この記事は2023年6月1日に掲載された情報となります。
北海道立総合研究機構 花・野菜技術センター 研究部
花き野菜グループ 主査(花き) 大宮 知(とも)さん
Profile:岩手大学大学院農学研究科修士課程修了。花・野菜技術センター花き科、道南農業試験場、花・野菜技術センター花き野菜グループ、北海道原子力環境センターを経て2018年より現職。歌志内市出身。
●中生〜中晩生品種では定植日から出蕾(しゅつらい)まで赤色LED終夜照明を行うと、切り花長や分枝数が増加し、品質アップにより収益性が高まります。
北海道は冷涼な気候を生かした切り花産地ですが、近年は夏の高温が常態化し開花前進や品質低下などの問題を抱えています。トルコギキョウの6月植え秋切り作型では、定植後の夏期の高温や長日条件により低節位で出蕾しやすいため、切り花長が短くなるほか側枝数も減少し、切り花品質が低下します。
そこで、高温による早期出蕾対策を省力的に行うため、出蕾を抑制する効果が期待できる赤色LED照明による品質向上効果について調査を行いました。また、効率的な照明条件の検討や、販売額と費用の試算も行いました。
適用品種と照明時間
早晩性の異なる14品種について、定植から出蕾するまで約50日間、赤色LEDによる終夜照明を行いました。その結果、照明を行わない場合(無処理)より出蕾が遅れて到花日数が長くなりました(図1)。
そして、茎長と節数も増加するので分枝が増え、切り花品質が向上しました。早晩性にかかわらず効果は認められましたが、早生・中早生品種では切り花長がL規格に必要な70cm(図1の点線)を超えるものが少なく、高い品質を確保するには中生以降の品種を用いるのが有効でした。

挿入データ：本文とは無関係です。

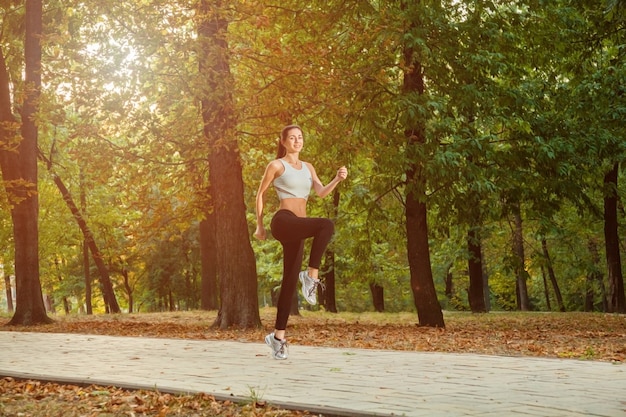 A young beautiful girl is running into the park on cool season at park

なお、照明は当初17時〜翌朝9時の16時間行っていましたが、18時〜翌朝6時でも十分な効果が得られ、照明時間は終夜照明12時間が適当と考えられました。
育苗時追加照明の効果
中早生品種では照明効果が低かったことから、育苗時も照明を行って切り花品質が高まるかを調査しました。播種日から定植前日まで日没後3時間照明を行ったところ、中早生品種を含めて切り花長が伸びる効果が認められました(図2)。

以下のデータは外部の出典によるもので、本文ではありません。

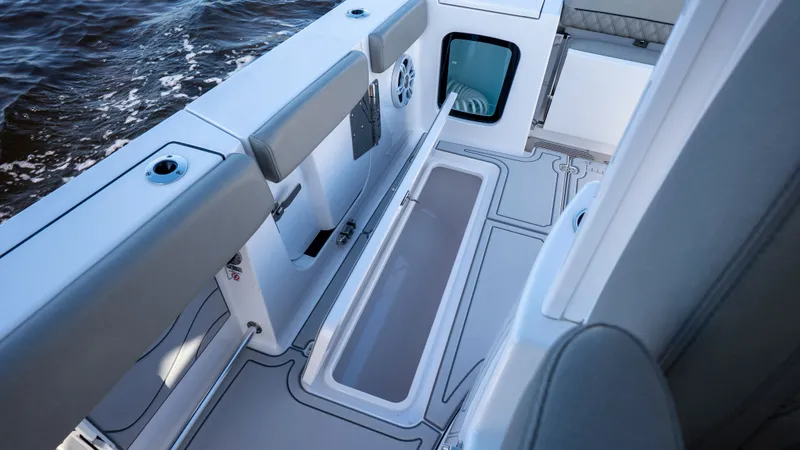 Slide: The Image of 2024 Sportsman Open 322 Center Console boat interior view. - 23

中生以降の品種では定植後の照明だけで十分な切り花品質が確保できるので育苗時照明は不要ですが、中早生品種の品質向上を図りたい場合は、育苗時にも照明を行うことが有効です。
切り花販売額と費用の試算
得られた結果を基に産地での実証試験を行ったところ、中晩生の「グランハピネス」では、赤色LED照明により到花日数が約5日遅くなって切り花長および分枝数が増加しました。切り花の規格別割合では半数以上が2Lに達して品質向上効果が認められました(表1)。
ここで、規格ごとの平均単価を用いて販売額を試算したところ、10a当たり51万円増収すると推定されました。㆒方、LED照明に要した資材・費用を1年当たりで算出すると、電気代を含めても約6万5千円となりました。
赤色LED照明技術
トルコギキョウ品質の向上のための赤色LED照明技術を表2にまとめました。照明の設置方法など確認のうえ、秋切りトルコギキョウの高品質出荷にご活用ください。なお、この技術では照明資材として鍋清㈱製LEDライトDPDL-R-9Wを使用しました。